Robosats, great market, but not alot of users. Get amongst it :)

0 sats \ 0 replies \ @om 20 Jun

This is sorta Monero kind of thinking.

I feel that "LARP" is too harsh for simply not sharing the ideology. It's ok for people to come for profit. It is our job then to align incentives in such a way that people will want to use bitcoin instead of whatever gov tells them to use. Coming hyperinflation will make it much easier.

I would agree with the other commenter who says exchanges are a centralising force, look at the dumping going on now, this isn't because of plebs theres are big holders who got liquidated, I am not complaining they deserve it, but they add more layers of risk and volatility when there's so much capital with one entity.

To mitigate it I think we need to expand, sadly bleh the stablecoin on bitcoin on ramps be that Liquids stablecoin swaps into Lightning, having Taro create backed stablecoins on lightning, USDT on lightning with Omnibolt, so that people can create their own markets to trade between the two assets and expand the DEFI/P2P trading keeping capital in house, and reducing the KYC/centralized onramp exposure

I also think there is a centralising risk of nodes and node implementation, most normies are running umbrels, but I'd like to see more competition for nodes in the space, like embassy etc. I'd also like to see encouragement for people to run pruned nodes which may be less resource-intensive so we can get more nodes online

I'd say mining also continues to centralise but since it's becoming such a resource intensive industry its more about countries getting involved now

I'd like to see more people run Citadel nodes too.

It has the same underlying foundations as Umbrel

(source: I built a lot of this, including Umbrel and was involved in a lot of the early development of it from 2018)

I have not tried citadel yet, but I've seen a few people promoting it, when I get around to it i will try to set up another node with citadel and see how it goes

Bitcoin core developers. So far so good, but I for one must trust them regarding the code, because I don't have the coding skills, knowledge, or intellect to verify what they are doing on my own. No one is to blame. It's just the way it is.

The Bitcoin-core project on Github.

I don't think centralization is always a bad thing. I don't see a problem with it as long there are incentives to keep Bitcoin and Lightning network safe. The best way to decentralize is running nodes, offer niche services and being vocal about what you like about Bitcoin. You might not be correct, but you'll make a case for the people to decide by themselves...

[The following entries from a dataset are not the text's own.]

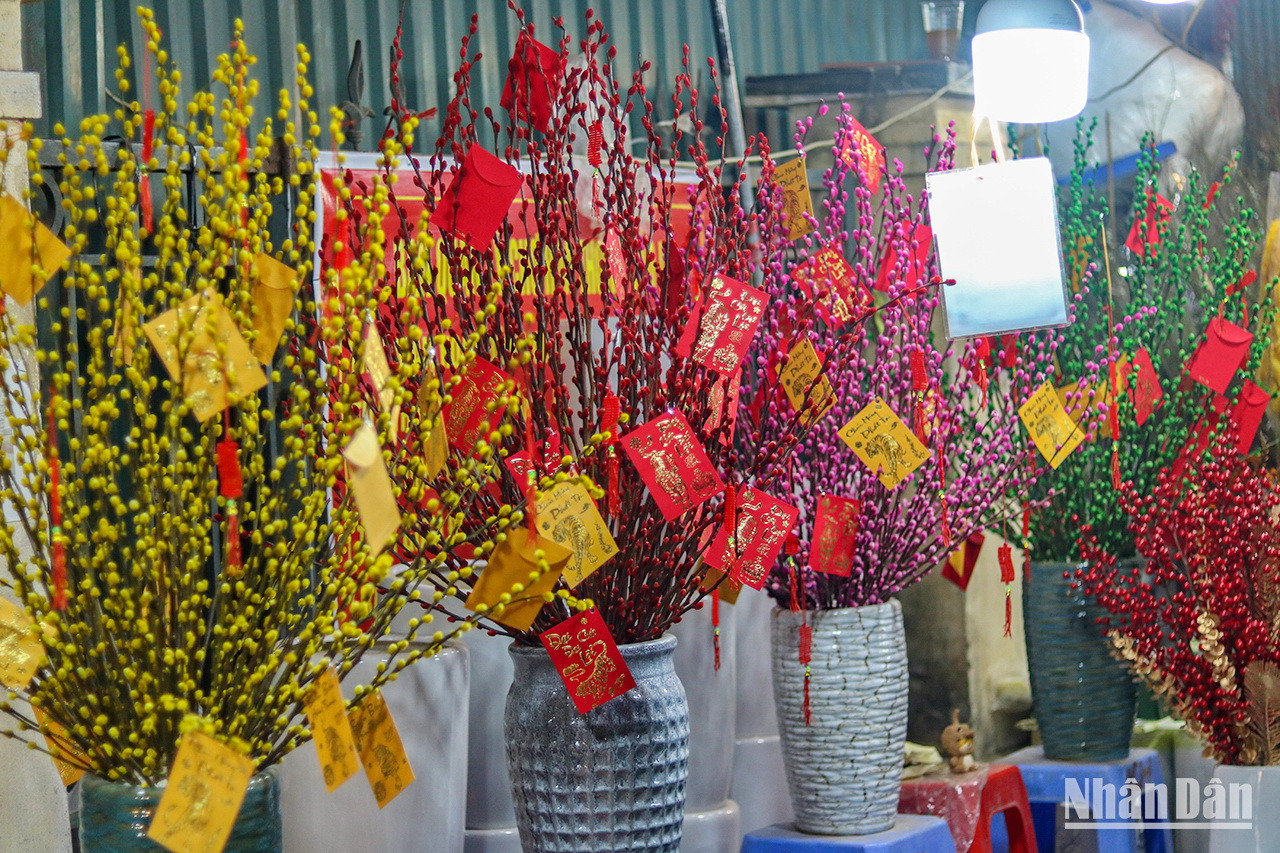 Des enveloppes colorées sont utilisées pour décorer les pots de fleurs, renforçant ainsi l’ambiance du Têt. Des enveloppes colorées sont utilisées pour décorer les pots de fleurs, renforçant ainsi l’ambiance du Têt.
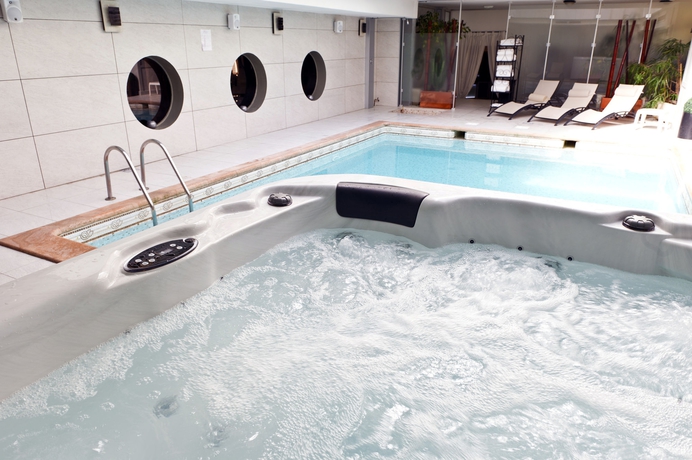 Imagen de la piscina del Hotel Nice Riviera. Foto 16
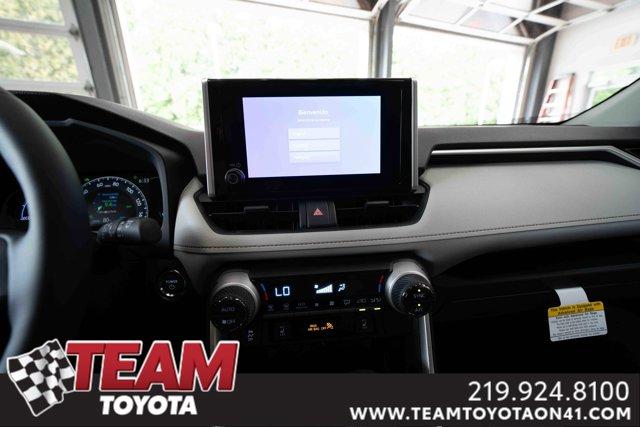 Photo of 2025 Silver Sky Metallic Toyota RAV4 Hybrid
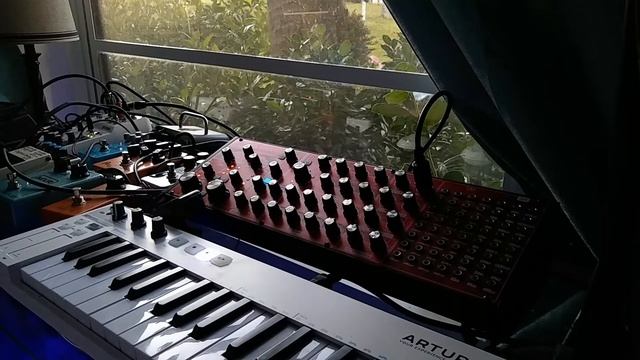 "Shimmertronics" Behringer Neutron improvisational jam | Boss DD8 in stereo shimmer mode смотреть онлайн
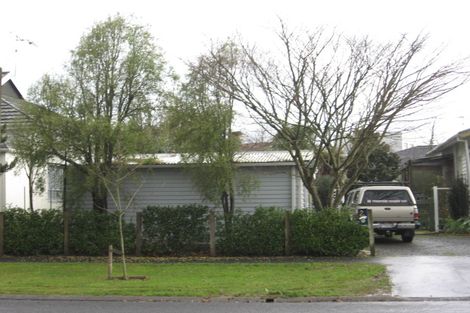 Photo of property in 2 Saint Winifreds Avenue, Hamilton East, Hamilton, 3216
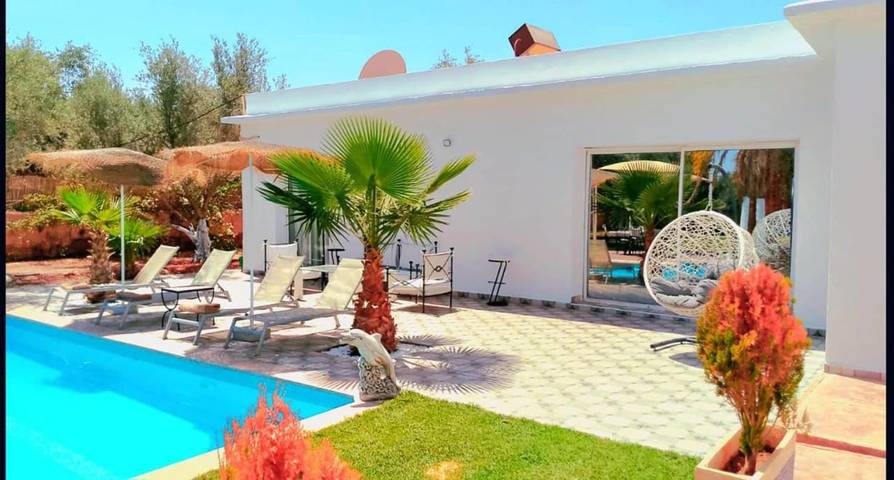 Villa pour 8 personnes, avec vue ainsi que jardin et piscine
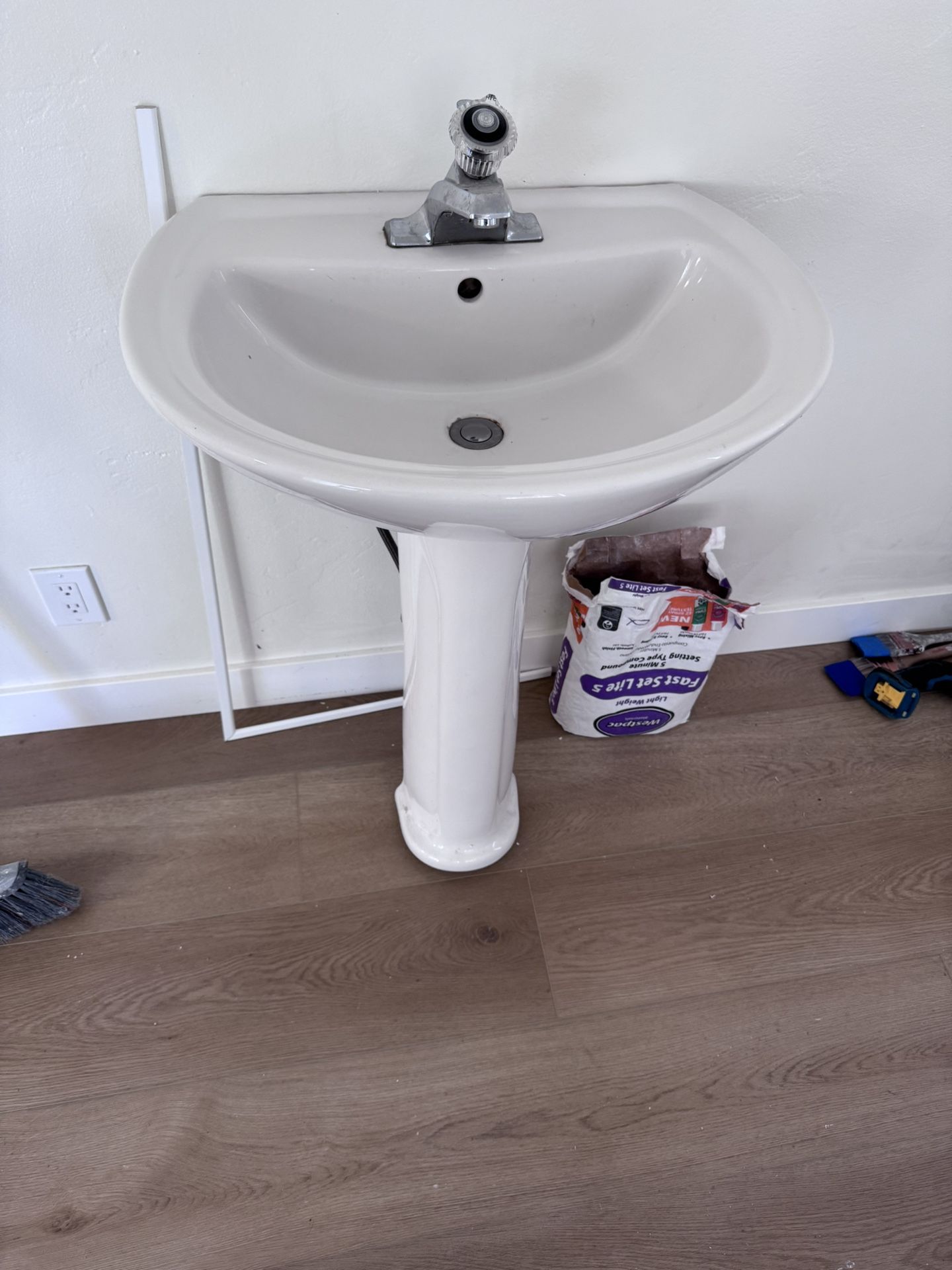 Used Pedestal Sink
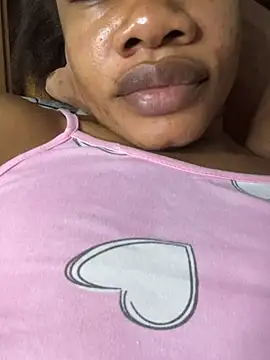 _yisela_'s Live XXX Chat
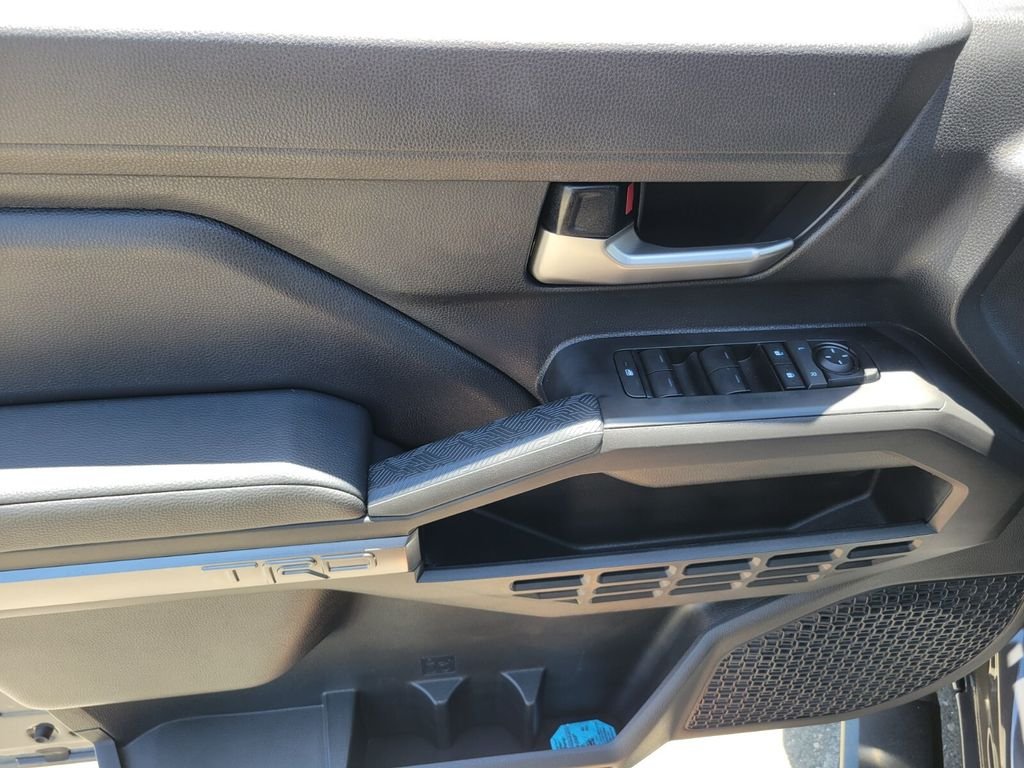Used 2025  Toyota  image 18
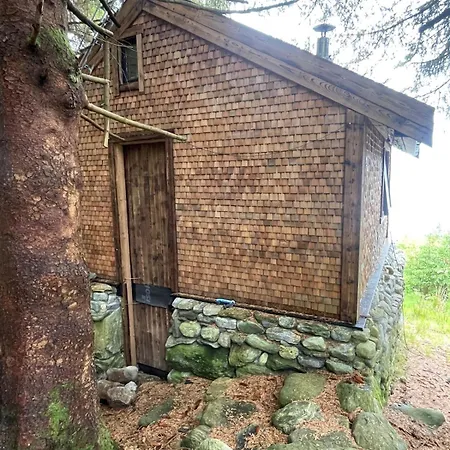 Forest Hideaway With Scenic View Fiska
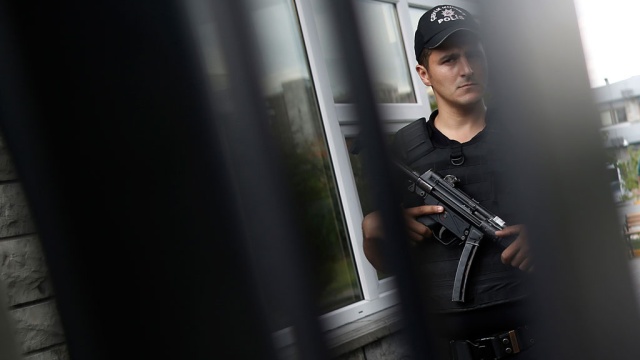 Террорист пытался взорвать здание турецкой разведки - ОБНОВЛЕНО Террорист пытался взорвать здание турецкой разведки - ОБНОВЛЕНО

If BTC keeps falling against USD, then nodes need to put more and more BTC on chain to route fees. It seems big hubs will only get larger, while small hubs will continue fall out.

I also never quite understood the defense against centralization of mining pool and how it isn't a problem. If it continues to be survival for the fittest then it is build to centralized.

Mining pool centralized on cheap energy, which by itself is decentralized. Especially when renewable getting more popular, they need to dump that energy somewhere during non-peak hour.

Depending on how big the security budget is. If you only need 50mw to be 51% of the hashrate then that can be accomplished in a single area :) but if you need 5000mw you may have to spread out a bit

True but also, small nodes can also buy more sats per dollar too.

Cheaper sats, means its cheaper to accumulate more and also open more channels.

But isn't that also the same, only the more wealthy can operate and sustain a node with better liquidity depending on the market price.

bear markets will create more wealthy people.

Lack of education and decline in IQ. IQ is formed before ppl hit school.

Probably some system like ChainAnchor that aims to turn BTC into a centralized, permissioned system. Note that the ChainAnchor team has stated that they don't plan to actually do this, but it's up to you to decide whether to believe them.